• Springs me to a little mini rant. It's not really rant, really. It's just a fact. Fashion week is a fucking bore. I am ready to gouge my fucking eyes out. How can it be that fashion bloggers are just going to Paris once a month now? I feel we're doing Paris a disservice here, people. It is just relentless. It is so boring. Influencers that I love. I am just hard swiping, hard swiping past their stories.

    I think that there is no sweet spot of number of stories that is too many and number that is not enough. I will say sometimes if it looks like a perforated edge on the top like you tore a little piece of paper off like it's too many, but when Jamie Beck does one of her exhaustive tutorials that's all interesting content. There's no reason that in that case 30 frames is not too much. Maybe if you're just storing your eggs and then you walk and then you're going to the gym and you're like, "Go to gym," then you fucking work out. Can we please please please, for the love of God and all that is holy, stop filming your fucking workouts.

    I'm not alone in this. There are people I respect very much who are like, "This is going to be the thing that this generation regrets. It's filming all of their workouts. It is so boring." if I have to look at another leg lift when I wake up in the morning, I'm going to scream. You might be saying yourself, "James, you film yourself riding your bike all the time." That is a very different thing. That is me on a bicycle showing you Central Park being all beautiful, not me in a gym showing you my crunches.

    I don't know how to do a crunch. Anyway, I digress. The fundamentals are the same that we always talk about. Ask yourself, "Is this entertaining, educational valuable for my audience or am I bored? Do I want to flex or am I just not thinking?" If it's this hand the board not thinking, want to flex, then you shouldn't post it. I think that a lot of the Fashion Week's stuff I'm looking at, there's just no thought and I understand those are very busy times. I can't imagine going to six shows in a day and running to five different events with brands. You don't have to do all that. No one's got the gun in your back saying, "You have to go to the Dior breakfast and then you have to go to the Chanel show." Those are amazing opportunities and things that you definitely shouldn't turn down if you get to do it. How do you show it to your audience in a way that is interesting, because for most people, I think, there's six weeks now out of the year where you just want to shut Instagram off because it's the same shit every day. It shows. I think when this all started eight years ago or so when influencers, bloggers started going to shows, it was exciting because it was new.

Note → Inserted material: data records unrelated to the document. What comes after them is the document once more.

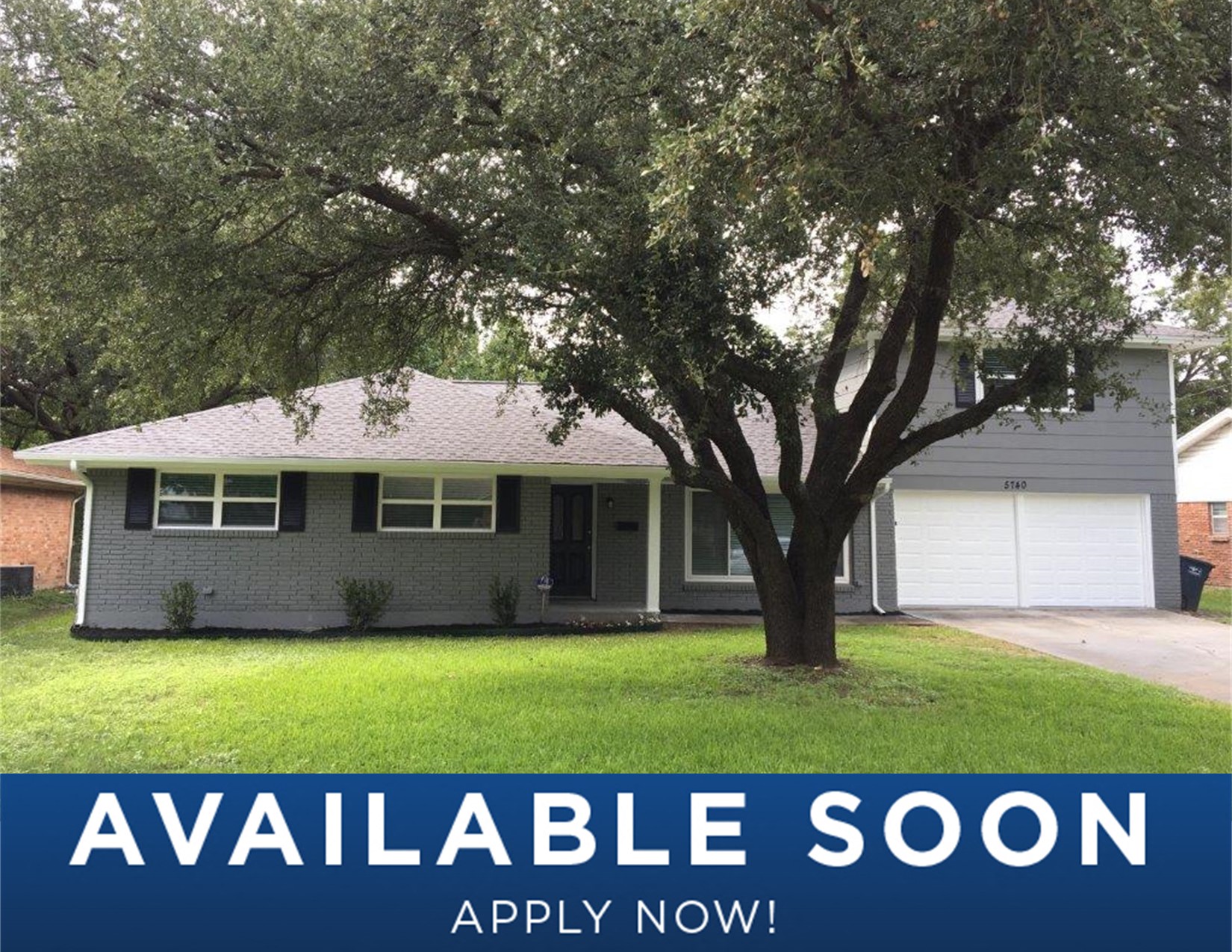 a home with a large tree in the yard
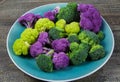 Close up of isolated purple, green, yellow colored raw cauliflowers and broccoli on blue china plate to make children hungry for Royalty Free Stock Photo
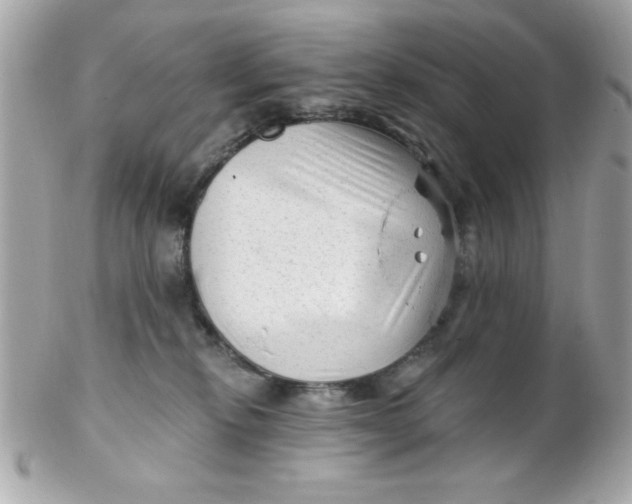 X0000102310278200808152049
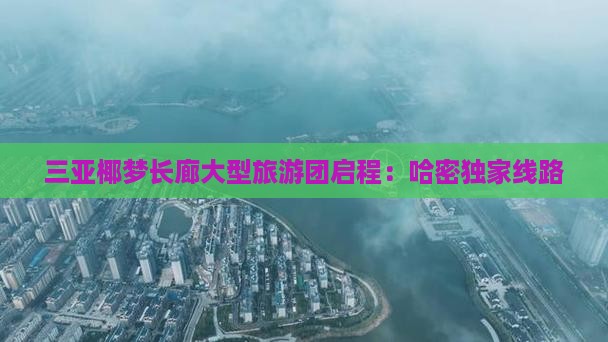 三亚椰梦长廊大型旅游团启程：哈密独家线路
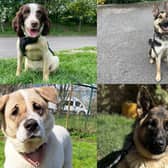 We take a look at 14 adorable dogs available for adoption and looking for their forever home at the RSPCA York, Harrogate and District branch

    It's like my Positano rant. Positano was amazing. It is an incredible place and one of the most beautiful special places in the world. As it relates to Instagram, it's just played out and it's fucking boring now because you can't do anything special or interesting, so you're just there doing the same shit. Now, it's like every Fashion Week, I'm just seeing the same exact content. Everyone's at the same cafes in Paris. They're going to the same shows. It's all about the influencer. It's nothing about what is interesting to their audience. I think there is no magic number of stories.

    If you have compelling interesting content, throw 30 up a day. Fucking go for it. If you have a big personality and people love seeing that and there's no end to the amount of stories they'll watch, then story all day. I implore you. Especially if you're in Fashion Week, you're just posting stuff mindlessly. I think you do yourself a huge disservice. I think that most influencers could definitely benefit from cutting down the amount of things they're saying "yes" to, especially around Fashion Week and cutting down the amount they're posting and stepping back at the end of the day and thinking about how to tell that story.

    If you're starting to feel like, "My stories feel like they're kind of getting away from me, I'm just throwing stuff up," maybe step back for a few days and switch to publishing them all at once and at night and really thinking through that story and doing something interesting. If the idea is to educate, entertain, inspire, there are different ways to do that. Stories for so long, was this off-the-cuff "just do it in the moment" thing. I think especially in times like Fashion Week where there's a lot of content, I think you have to step back and do something different.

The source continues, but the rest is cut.